Veel succes Meneer....
I believe Allah will help you in a good way
Saturday, March 17, 2012
Saturday, March 3, 2012
Rumah
Schiedam, 3 Mar 2012
Setelah berkelana selama seminggu. Disambut angin musim semi yang bertiup sepoi-sepoi, Alhamdulillah aku&keluarga selamat kembali ke rumah di Schiedam . Perjalanan yang menyenangkan, matahari yang bersinar cerah dengan temperatur sekitar 15-20C selama kami berkunjung ke Madrid dan Barcelona, Mufid dan Dira yang sehat wal'afiat dan pengalaman baru berinteraksi dengan lingkungan baru, bahasa Spanyol yang asing di telinga, tempat-tempat baru juga teman baru Mufid di hotel di Barcelona, Mate namanya dari Bukarest-Rumania yang beberapa hari terakhir selalu bermain bersama Mufid. Walaupun Mate ngomong bahasa Rumania sedangkan Mufid ngomong English atau Dutch tapi mereka tetap bisa main bareng. Seperti kata Mama si Mate "We dont know how they can communicate, they are just playing together" hehe....Kids.

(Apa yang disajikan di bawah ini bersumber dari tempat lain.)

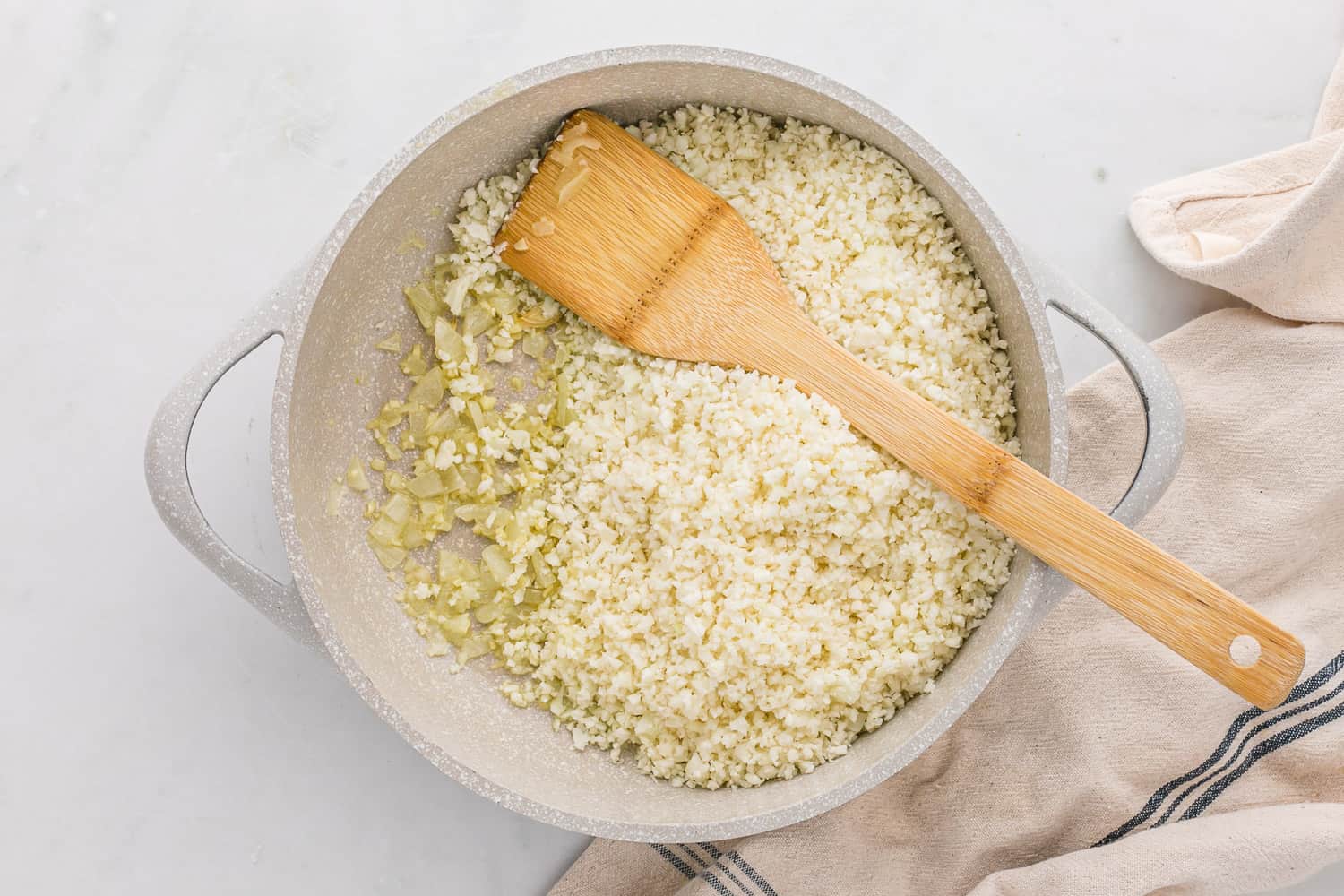 Riced cauliflower in a skillet, not yet cooked.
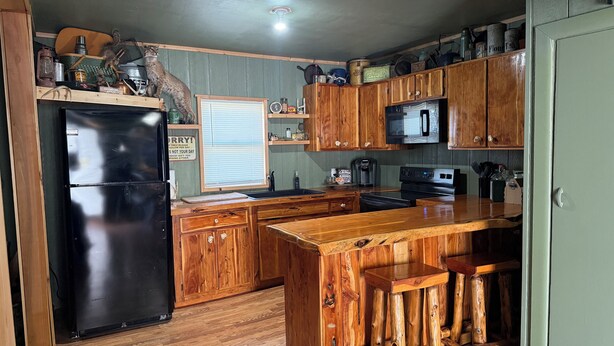 A compact kitchen with wooden cabinets, a black refrigerator, a microwave, and a coffee maker.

Perjalanan ke tempat-tempat baru dengan budaya yang berbeda memang selalu menarik. Dan seingatku sejak aku masih duduk di bangku SMP, aku suka jalan-jalan ke tempat yang belum pernah aku kunjungi dan itu terus berlanjut sampai sekarang. Sewaktu masih tinggal di Kisaran, salah satu tempat jalan-jalan favoritku kota Parapat yang berada di pinggir Danau Toba. Jaman kuliah aku sering main ke Bogor, aku suka dengan Kebun Raya yang asri dengan suara burung-burung dan gedung-gedung tua peninggalan jaman Belanda sambil bermimpi suatu saat aku bisa berkunjung ke Eropa. Dan ternyata sekarang itu bukan cuma mimpi hehehe....Tapi selalu ada rasa kangen dengan tempat yang bernama "RUMAH". Kangen dengan kamar tidurku yang nyaman, kangen dengan semua keseharianku dengan rutinitasku.
Sejak aku lahir di Padang, pindah ke Medan, TK sampai SMA di Kisaran, nge-kos di Bandung, pindah kos dan kerja di Jakarta, jadi penganten baru dan ngontrak rumah di Karawaci sampai pindah ke rumah sendiri di Tangerang, kerja dan pindah ke K.Lumpur, lanjut pindah ke Papendrecht dan akhirnya sekarang di Schiedam ada sekitar 20 rumah yang pernah aku diami, wow!!!!!! ga nyangka juga sebanyak itu bener-bener nomaden hahahaha....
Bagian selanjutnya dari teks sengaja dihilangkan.